SELECT INTO

  • I need to copy the data from one table to another table. which method will provide the optimized performance?

    1) insert into

    or

    2) select * into table from table.

    which method is better???????

  • Change to bulk recovery mode and use "Select into". Select into is minimally logged (see http://msdn2.microsoft.com/en-us/library/ms191244.aspx).

    Regards,

    Andras


    Andras Belokosztolszki, MCPD, PhD
    GoldenGate Software

  • I would do this in two stages.

    SELECT * INTO newtable FROM oldtable WHERE 1=0

    INSERT INTO newtable

    SELECT * FROM oldtable.

    The first statement creates the table in the desired structure but with no records, the 2nd populates it.

    Things to watch out for.

    1. Identity values.
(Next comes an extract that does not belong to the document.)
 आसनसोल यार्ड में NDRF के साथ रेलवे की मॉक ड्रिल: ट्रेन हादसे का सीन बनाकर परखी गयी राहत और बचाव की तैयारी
INSERT INTO SELECT * won't work if there are identity values.

    2. The size of the table in terms of number of records. If you are talking about millions of records then having a number of batched inserts may be a better bet and won't blow your log file to bits.
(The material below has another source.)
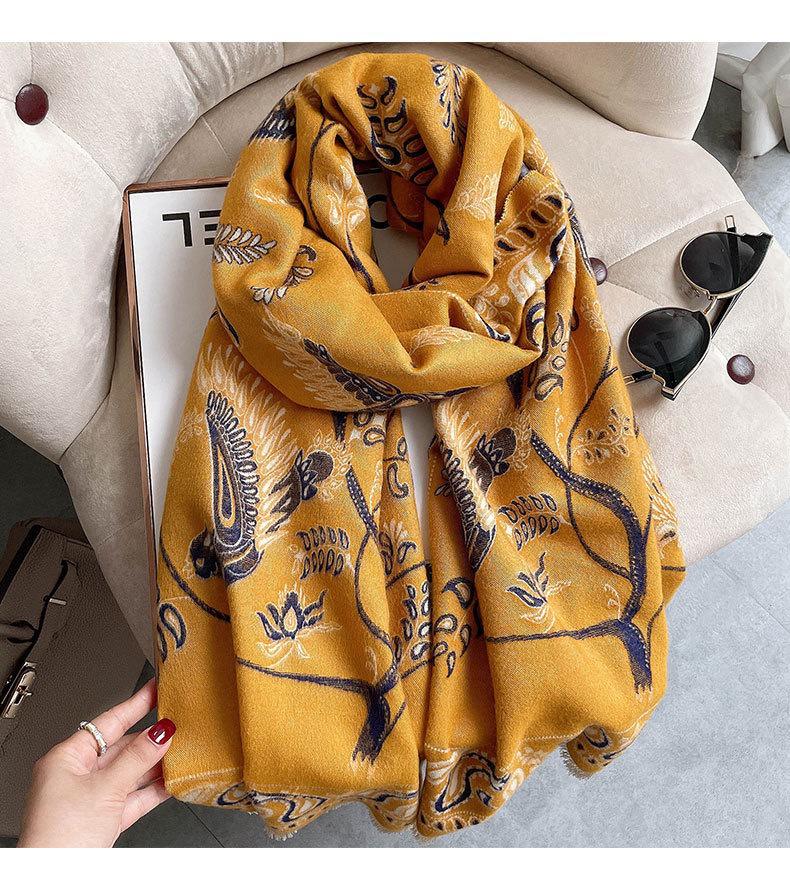 Liu Yifei-Inspired Retro Bluebird Cashmere Scarf - Thick, Warm, Ethnic Style Women's Winter Neck Warmer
  • I think David recommends his method because SELECT/INTO will temporarily lock SysObjects while the data is transferring...

    However, I prefer the SELECT/INTO method for two reasons...

    1. If you CAN temporarily change to the Bulk or Simple recovery modes, there's a lot less logging (other factors must also be true... see Books Online for details).

    2. It's nasty fast even with a couple of million rows... you won't have the locks on SysObjects for long. Other processes will simply wait.

    --Jeff Moden


    RBAR is pronounced "ree-bar" and is a "Modenism" for Row-By-Agonizing-Row.
    First step towards the paradigm shift of writing Set Based code:
    ________Stop thinking about what you want to do to a ROW... think, instead, of what you want to do to a COLUMN.

    Change is inevitable... Change for the better is not.


    Helpful Links:
    How to post code problems
    How to Post Performance Problems
    Create a Tally Function (fnTally)

  • So why would SELECT INTO not lock sysobjects?

    Surely any form of creation of an object would have a small lock on sysobjects?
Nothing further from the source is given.